19 March 2026

Strategy for a new nuclear age

Michael Albertson, Paul Amato, Henry "Trey" Obering, Ankit Panda, Kingston Reif, Amy Woolf

For much of the post–Cold War era, nuclear strategy receded from daily headlines. That era is over now. In the last several years alone, Russia routinely threatened nuclear use to limit Western support to Ukraine and tested new delivery systems capable of carrying nuclear weapons. China rapidly and opaquely expanded its nuclear arsenal, built new missile silos, diversified its delivery systems, and may have conducted a low-yield nuclear explosive test in June 2020. The reliability, survivability, and accuracy of North Korea’s nuclear-capable missiles incrementally improved. In May 2025, during the most serious military crisis between India and Pakistan in decades, Pakistan’s prime minister called a meeting of the National Command Authority, the body that oversees Pakistan’s nuclear weapons. The following month, and again beginning in February 2026, the United States and Israel conducted military strikes on Iranian nuclear sites with the aim of destroying Iran’s nuclear program.

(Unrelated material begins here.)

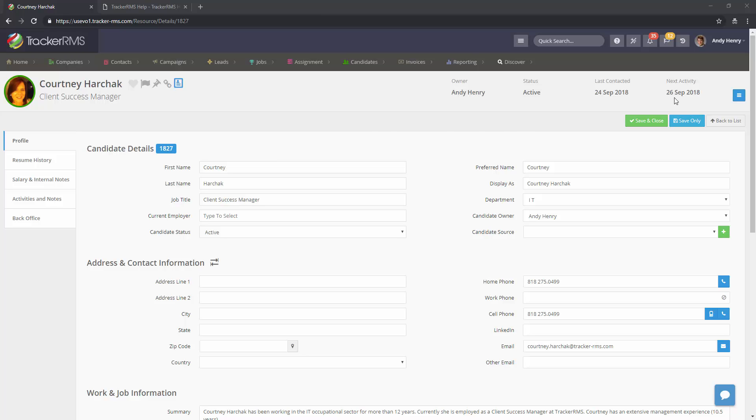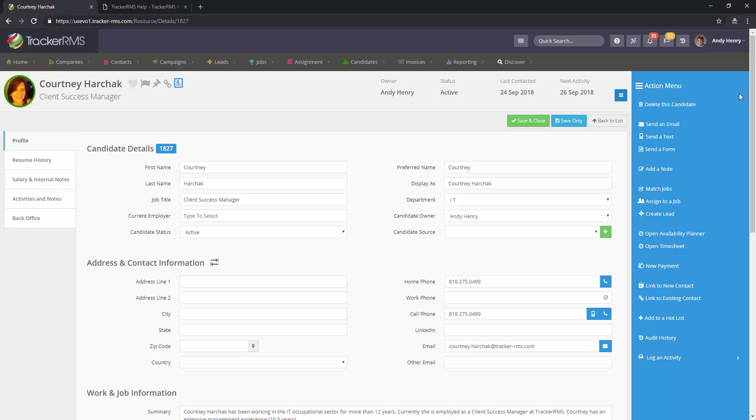You'll then go to the right hand side and click on the action menu. At the top, click on the delete option.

Taken together, these developments force the United States to confront the most complex strategic environment since the advent of nuclear weapons—one defined by simultaneous nuclear challenges across geographies and domains. The February 2026 expiration of the New START Treaty further complicated the landscape by removing the last remaining constraints on US and Russian strategic forces, which raises urgent questions about force sizing, modernization timelines, and the future of arms control. US policymakers must now grapple with whether existing nuclear posture remains sufficient, as well as how best to balance deterrence requirements with fiscal realities and alliance commitments.